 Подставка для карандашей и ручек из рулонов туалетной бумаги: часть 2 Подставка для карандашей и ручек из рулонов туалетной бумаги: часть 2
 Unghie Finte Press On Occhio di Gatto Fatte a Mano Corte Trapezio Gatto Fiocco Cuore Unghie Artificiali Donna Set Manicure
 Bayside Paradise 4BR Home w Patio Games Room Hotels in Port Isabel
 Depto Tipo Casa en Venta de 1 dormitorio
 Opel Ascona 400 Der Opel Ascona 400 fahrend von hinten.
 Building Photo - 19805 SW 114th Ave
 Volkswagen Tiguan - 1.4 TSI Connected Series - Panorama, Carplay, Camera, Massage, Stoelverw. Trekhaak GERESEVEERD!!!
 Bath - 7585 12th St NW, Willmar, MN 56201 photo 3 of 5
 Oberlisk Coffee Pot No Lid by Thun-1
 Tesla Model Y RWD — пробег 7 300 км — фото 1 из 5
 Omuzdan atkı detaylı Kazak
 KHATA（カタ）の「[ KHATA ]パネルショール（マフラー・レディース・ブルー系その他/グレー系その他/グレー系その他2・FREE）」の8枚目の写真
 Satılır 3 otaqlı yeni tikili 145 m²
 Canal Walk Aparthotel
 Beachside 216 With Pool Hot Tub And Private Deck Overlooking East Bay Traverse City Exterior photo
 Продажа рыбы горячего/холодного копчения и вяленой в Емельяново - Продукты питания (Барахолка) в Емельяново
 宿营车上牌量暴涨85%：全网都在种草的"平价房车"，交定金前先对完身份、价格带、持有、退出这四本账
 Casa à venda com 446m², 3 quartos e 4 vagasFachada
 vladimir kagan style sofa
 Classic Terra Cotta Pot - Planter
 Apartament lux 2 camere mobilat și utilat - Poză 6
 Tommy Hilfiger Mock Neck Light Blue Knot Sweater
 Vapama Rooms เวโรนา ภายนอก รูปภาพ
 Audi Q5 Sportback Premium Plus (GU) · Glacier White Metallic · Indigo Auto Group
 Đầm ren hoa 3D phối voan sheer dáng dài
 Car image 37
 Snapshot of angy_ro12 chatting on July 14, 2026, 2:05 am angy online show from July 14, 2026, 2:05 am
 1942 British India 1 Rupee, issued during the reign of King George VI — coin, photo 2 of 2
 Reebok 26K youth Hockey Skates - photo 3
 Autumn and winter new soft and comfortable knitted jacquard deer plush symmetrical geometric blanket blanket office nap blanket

----

Exercise directions -
Write out the records above again, keeping each one identical to the original.

Problem solution -
 Подставка для карандашей и ручек из рулонов туалетной бумаги: часть 2 Подставка для карандашей и ручек из рулонов туалетной бумаги: часть 2
 Unghie Finte Press On Occhio di Gatto Fatte a Mano Corte Trapezio Gatto Fiocco Cuore Unghie Artificiali Donna Set Manicure
 Bayside Paradise 4BR Home w Patio Games Room Hotels in Port Isabel
 Depto Tipo Casa en Venta de 1 dormitorio
 Opel Ascona 400 Der Opel Ascona 400 fahrend von hinten.
 Building Photo - 19805 SW 114th Ave
 Volkswagen Tiguan - 1.4 TSI Connected Series - Panorama, Carplay, Camera, Massage, Stoelverw. Trekhaak GERESEVEERD!!!
 Bath - 7585 12th St NW, Willmar, MN 56201 photo 3 of 5
 Oberlisk Coffee Pot No Lid by Thun-1
 Tesla Model Y RWD — пробег 7 300 км — фото 1 из 5
 Omuzdan atkı detaylı Kazak
 KHATA（カタ）の「[ KHATA ]パネルショール（マフラー・レディース・ブルー系その他/グレー系その他/グレー系その他2・FREE）」の8枚目の写真
 Satılır 3 otaqlı yeni tikili 145 m²
 Canal Walk Aparthotel
 Beachside 216 With Pool Hot Tub And Private Deck Overlooking East Bay Traverse City Exterior photo
 Продажа рыбы горячего/холодного копчения и вяленой в Емельяново - Продукты питания (Барахолка) в Емельяново
 宿营车上牌量暴涨85%：全网都在种草的"平价房车"，交定金前先对完身份、价格带、持有、退出这四本账
 Casa à venda com 446m², 3 quartos e 4 vagasFachada
 vladimir kagan style sofa
 Classic Terra Cotta Pot - Planter
 Apartament lux 2 camere mobilat și utilat - Poză 6
 Tommy Hilfiger Mock Neck Light Blue Knot Sweater
 Vapama Rooms เวโรนา ภายนอก รูปภาพ
 Audi Q5 Sportback Premium Plus (GU) · Glacier White Metallic · Indigo Auto Group
 Đầm ren hoa 3D phối voan sheer dáng dài
 Car image 37
 Snapshot of angy_ro12 chatting on July 14, 2026, 2:05 am angy online show from July 14, 2026, 2:05 am
 1942 British India 1 Rupee, issued during the reign of King George VI — coin, photo 2 of 2
 Reebok 26K youth Hockey Skates - photo 3
 Autumn and winter new soft and comfortable knitted jacquard deer plush symmetrical geometric blanket blanket office nap blanket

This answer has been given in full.